New York’s mayor is trying to go the anti-gun route anyway. He declares before the news cameras that both presidential candidates ought to take a stand against the insane gun culture that’s getting thousands of Americans blasted into oblivion, or crippled for life, for no reason at all. He is even calling for a police strike, which is only slightly nuts. It's on the nutty side because, with the police off the job, guess what class of lowlife will work overtime? And guess what will be coming out of bureau drawers and gun closets all over America?
All the same, I am in harmony with the mayor’s sentiments for once, if not with his remedy. But it’s easy for him to say what he’s saying. He’s not running for a national office. He doesn’t have to worry about showing up – no pun intended – in the National Rifle Association’s sights. What he's really saying is, Hey Obama, hey Romney, go take some heat even thought it's futile.
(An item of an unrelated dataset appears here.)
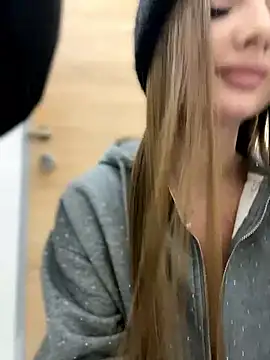 Snapshot of KrisMagnoly chatting on 01-11-26, 06:26 KrisMagnoly online show from 01-11-26, 06:26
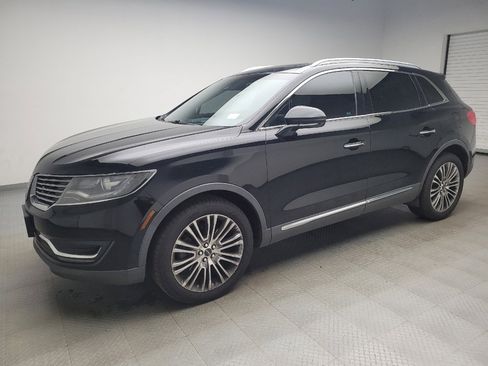 Used 2016 Lincoln MKX Reserve w/ Climate Package AWD/4WD image 2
Remarkably, although there aren’t all that that many gun thugs, they’ve got a ton of money behind them, with all the necessary lobbying tools. So woe to any official seeking re-election if he doesn’t score high on the NRA Gunometer.
In fact, the NRA has been doing its job so well, that with many states adapting shoot-first-and-ask-questions-later laws, also known as Stand Your Ground, that there’s hardly anything left for the NRA to do. Except maybe to make sure every six year old in kindergarten is wearing a fully loaded Glock on his belt, even when he's feeling a tad cranky. And maybe the NRA plans to demand a law mandating that every bartender give every drunk at his bar a loaded shotgun.
I mean, in what other civilized (or even uncivilized) nation on the face of the earth can a psychopath with mass murder on his mind drive to the local mall and pick up a gallon of milk, a six pack of beer, a pound of American cheese, a bag of tortilla chips, an automatic assault rifle with a magazine capable of holding 100 rounds of ammo, and a thousand round box of spare hollow-nosed bullets, just in case he runs low while blowing away little kids, college students, elderly women and congressional representatives?
Is this a great freaking country or what?